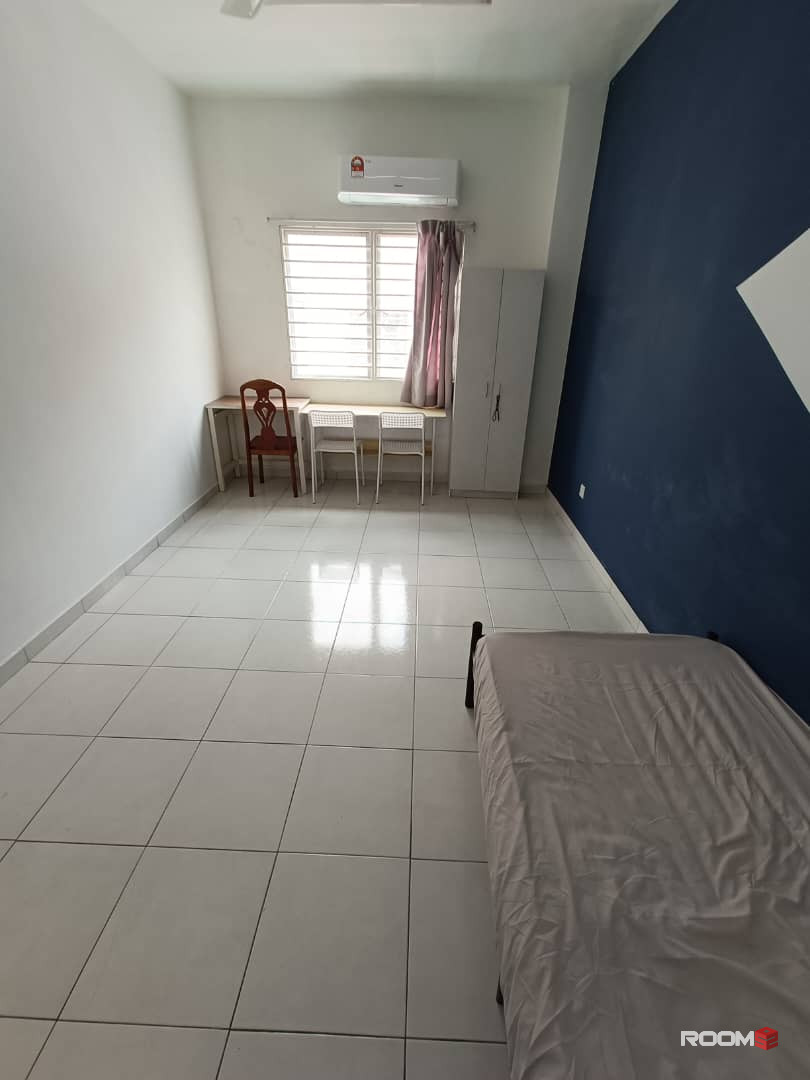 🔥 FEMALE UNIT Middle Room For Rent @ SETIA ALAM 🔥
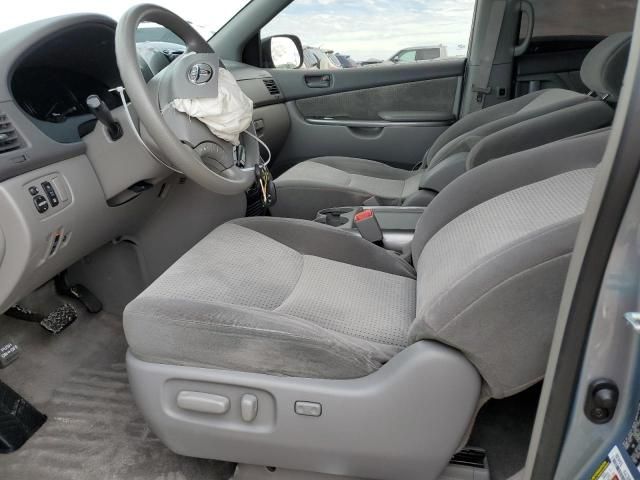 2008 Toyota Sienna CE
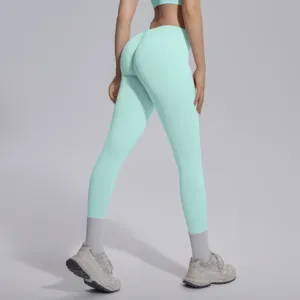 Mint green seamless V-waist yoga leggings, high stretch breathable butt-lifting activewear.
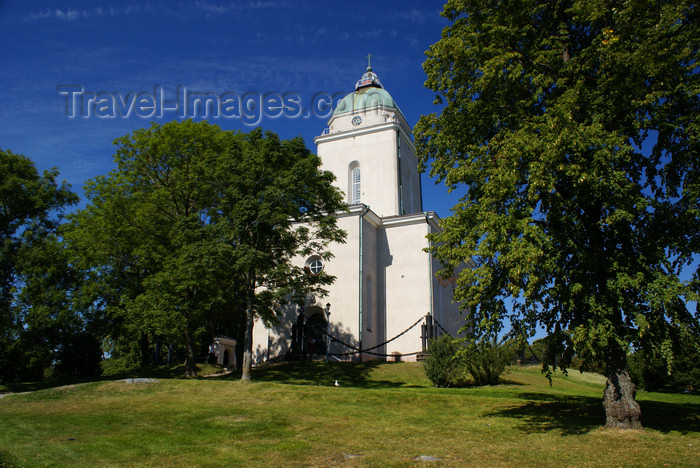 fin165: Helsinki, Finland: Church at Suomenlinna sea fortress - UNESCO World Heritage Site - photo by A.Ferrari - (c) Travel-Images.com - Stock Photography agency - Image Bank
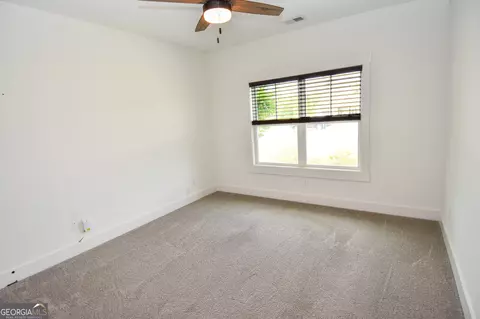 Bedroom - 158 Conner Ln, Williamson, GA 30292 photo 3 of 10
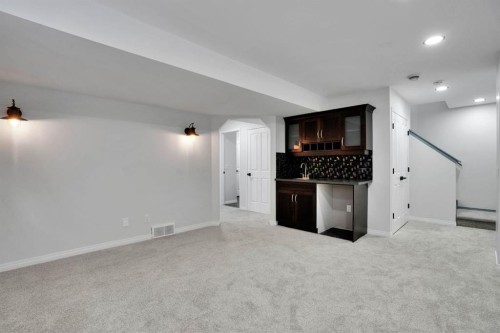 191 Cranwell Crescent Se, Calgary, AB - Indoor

=-=-=

Your objective:
Give again, word for word, the lines above from the first one through the one containing "Mint green seamless"; no pictures.

Problem solution:
 🔥 FEMALE UNIT Middle Room For Rent @ SETIA ALAM 🔥
 2008 Toyota Sienna CE
 Mint green seamless V-waist yoga leggings, high stretch breathable butt-lifting activewear.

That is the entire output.